For several days, they held the line with only several hundred inflatable rubber tanks that separated Paris from the Germans on the front. The U.S. 83rd Division finally came to replace the Ghost Army and to provide reinforcements, bringing importantly - real tanks.
The Ghost Army relocated to Luxembourg in September 1944. Throughout autumn of 1944, they completed several important operations along the front. In December, the Ghost Army went to the Ardennes to bolster the appearance that more than just four U.S. divisions held the region.
On the night of December 15, they hastily withdrew just hours before the Germans launched their offensive that would become the infamous Battle of the Bulge. Back in Luxembourg, the men saw their first taste of action defending the city against German air raids before retreating to Verdun to prevent the secret of the Ghost Army’s deception techniques from potentially falling into German hands.

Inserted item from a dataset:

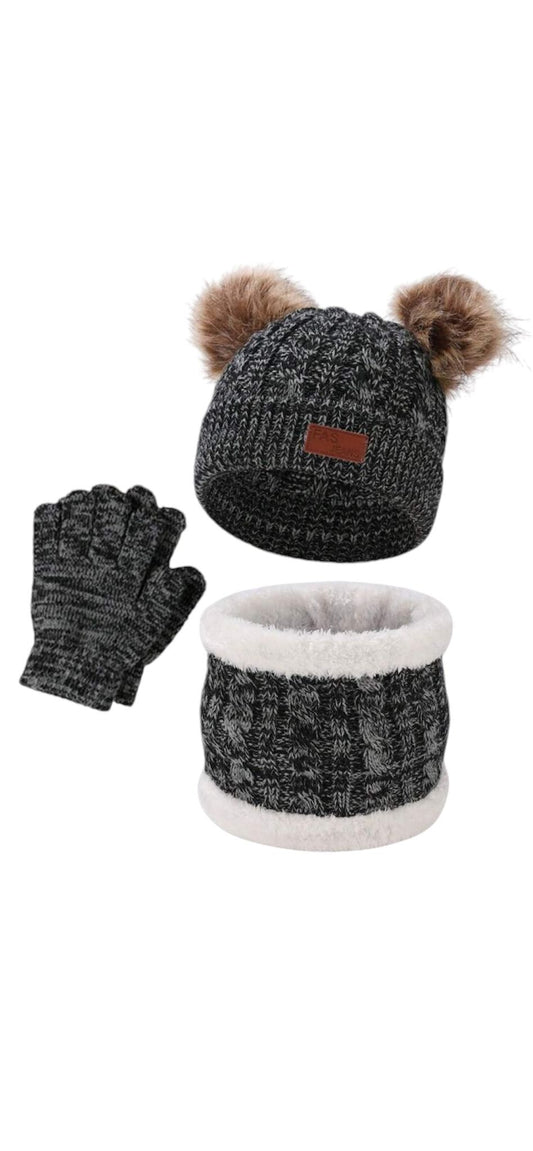 Muts, sjaal en handschoenen - grijs/zwart - met twee grote pompons - kind - peuter - kleuter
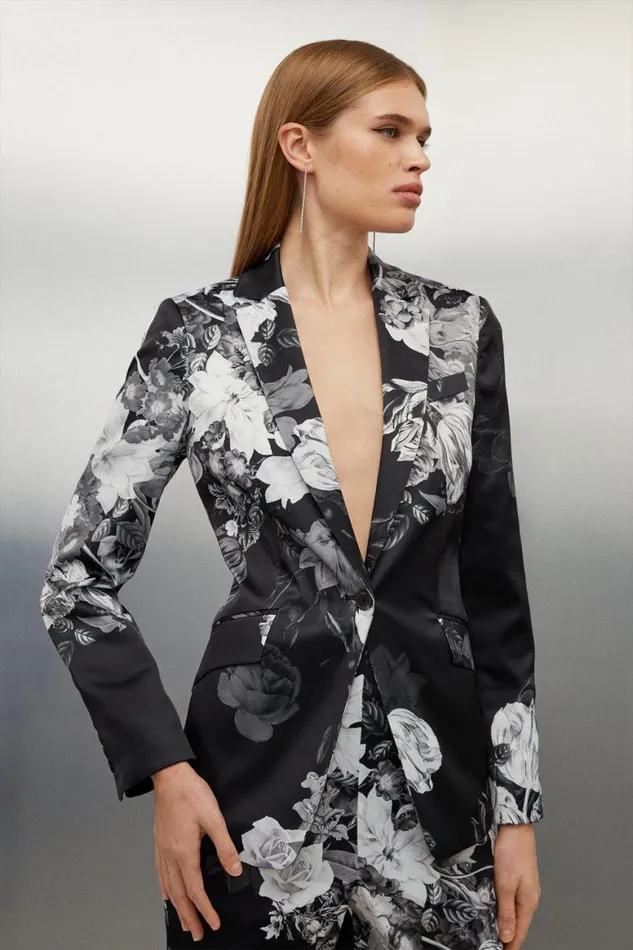 CoOrds Women Karen Millen Italian Structured Satin Floral Bloom Printed Blazer and Trouser Set Mono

During the winter of 1945, the Ghost Army deployed across Belgium, France, Luxembourg, and Germany in a series of missions. Tragically on March 12, 1945, while impersonating the U.S. 80th Infantry Division in Operation Bouzonville near the Saar, their tactics proved too real for the Germans who fired upon them, killing two and injuring fifteen.
Operation Viersen fake supply depot near Anrath, Germany (Credit: Ghost Army Legacy Project)
The Ghost Army’s final mission (Operation Viersen) proved to be one of the largest and most dramatic of their wartime operations. In March 1945, as the Ninth U.S. Army (30th and 79th Divisions) prepared to cross the Rhine near Wesel, the Ghost Army needed to convince the Germans that this crossing would take place 15 kilometers to the south between Duisburg and Düsseldorf.
By far the most intricate decoy yet, the Ghost Army deployed hundreds of inflatables and real vehicles around the towns of Anrath and Dulken. They transformed forests into decoy vehicle staging areas with fake repair depots. They constructed several landing strips complete with fake L-5 planes.
As the Ninth U.S. Army moved into positions further north, they ceased radio operations as the Signal Company Special took over the broadcast to trick any listening Germans. The assembled sonic trucks played the recordings of soldiers moving equipment and assembling the pontoon bridges for the Rhine crossing.
The Ninth U.S.Army finally made their crucial crossing of the Rhine on March 24, 1945 where they encountered a disorganized German defensive and experienced very few casualties proving the Ghost Army’s decoy mission a success.
Following the war, many of the Ghost Army went on to become successful artists, notably minimalist painter Ellsworth Kelly and fashion designer Bill Blass. The successes of the Ghost Army remained secret for many years during the Cold War for fear that the Americans would need such techniques in a future conflict. It was not until 1996 that the U.S. government declassified the Ghost Army’s history and the ingenuity of these 1100 men became known to the world.
In 2018, the first historical marker dedicated to the Ghost Army was erected outside the commune of Bettembourg in Luxembourg, commemorating Operation Bettembourg.